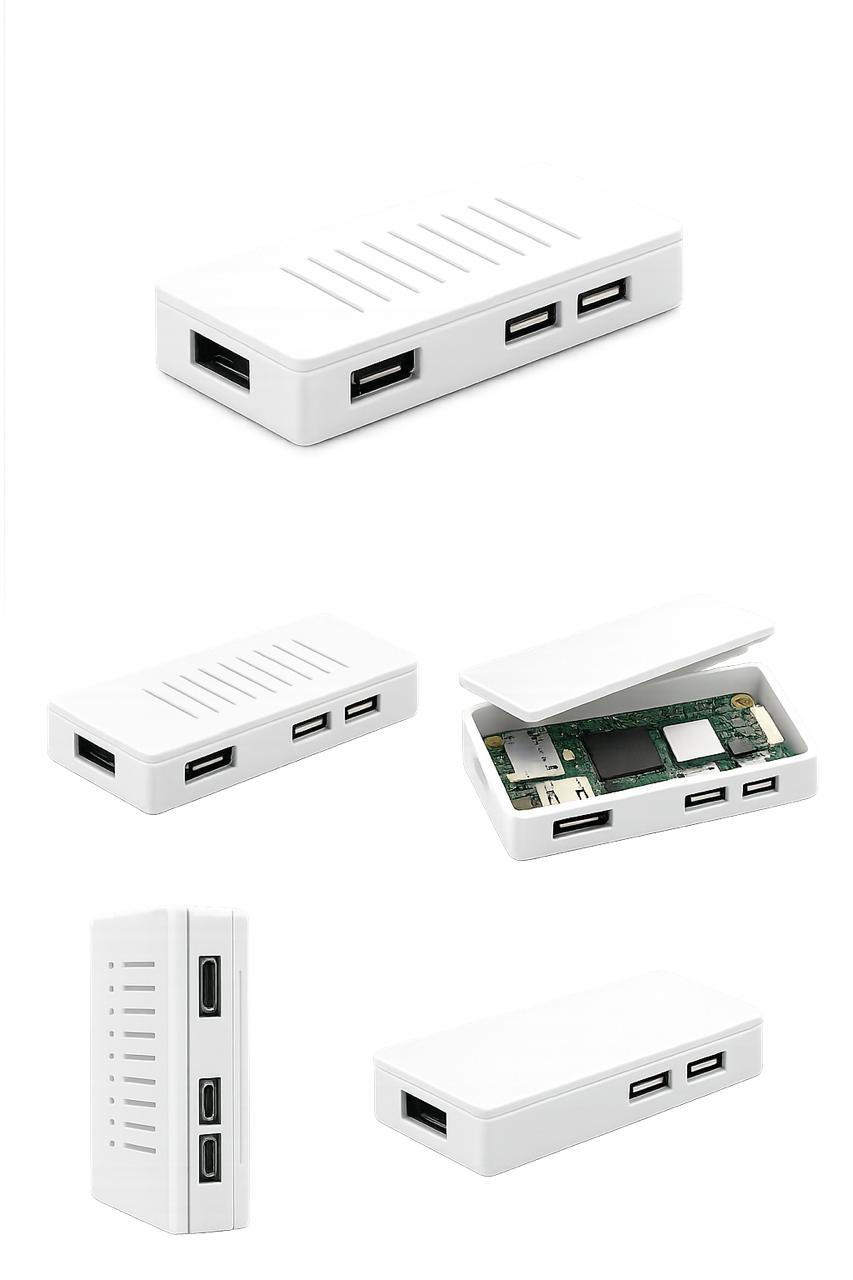 Raspberry Pi Zero 2 W Snap-Fit Gehäuse - Werkzeuglose Montage - NextStep Creations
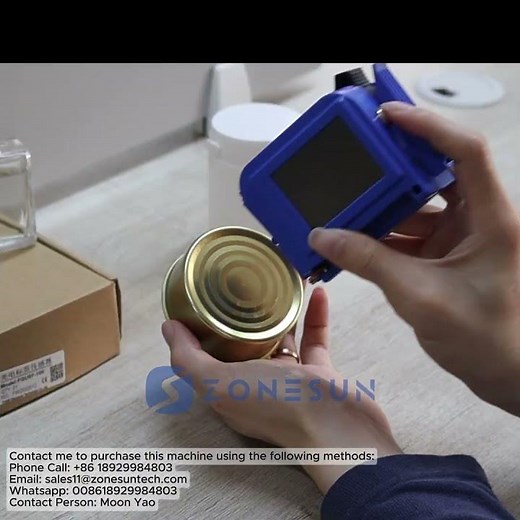 INTRODUCING ZONESUN ZS-DC1 Portable Inkjet Printer for Date Coding & Labels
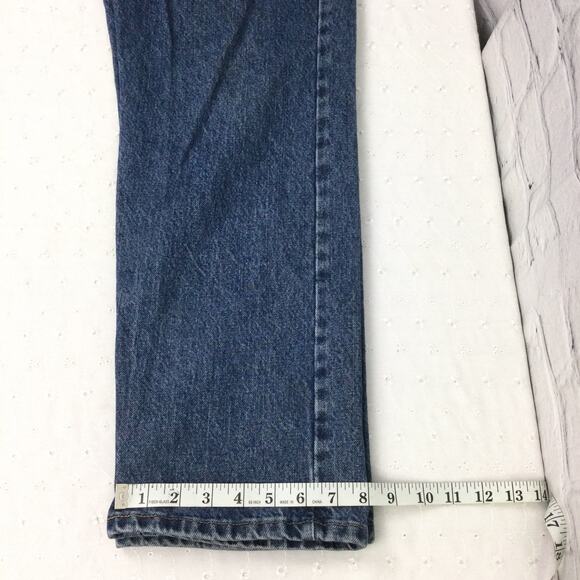 Wrangler Men's Cowboy Jeans Classic 5 Pocket Blue Straight Leg Size 34 x 30 - Picture 11 of 11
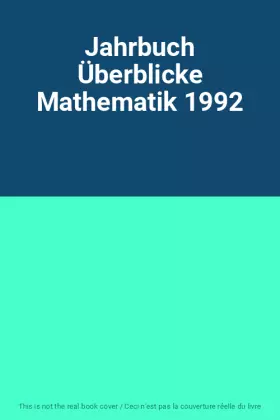 Couverture du produit · Jahrbuch Überblicke Mathematik 1992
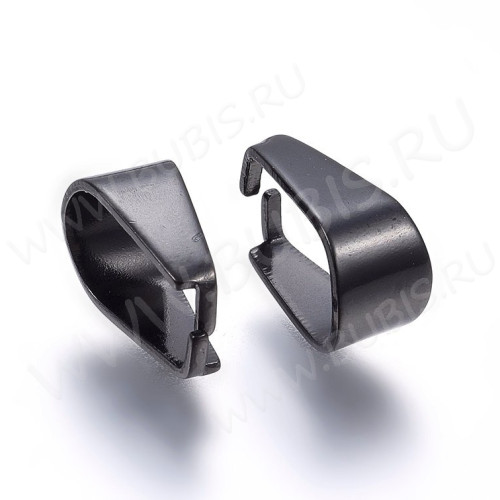 Держатель кулона 104-B простой 8*6*3мм чёрный (Хирургическая сталь)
____________________
● Work instruction
Please copy the data shown above, line by line and exactly, omitting the images.

● Output for this task
 Raspberry Pi Zero 2 W Snap-Fit Gehäuse - Werkzeuglose Montage - NextStep Creations
 INTRODUCING ZONESUN ZS-DC1 Portable Inkjet Printer for Date Coding & Labels
 Wrangler Men's Cowboy Jeans Classic 5 Pocket Blue Straight Leg Size 34 x 30 - Picture 11 of 11
 Couverture du produit · Jahrbuch Überblicke Mathematik 1992
 Держатель кулона 104-B простой 8*6*3мм чёрный (Хирургическая сталь)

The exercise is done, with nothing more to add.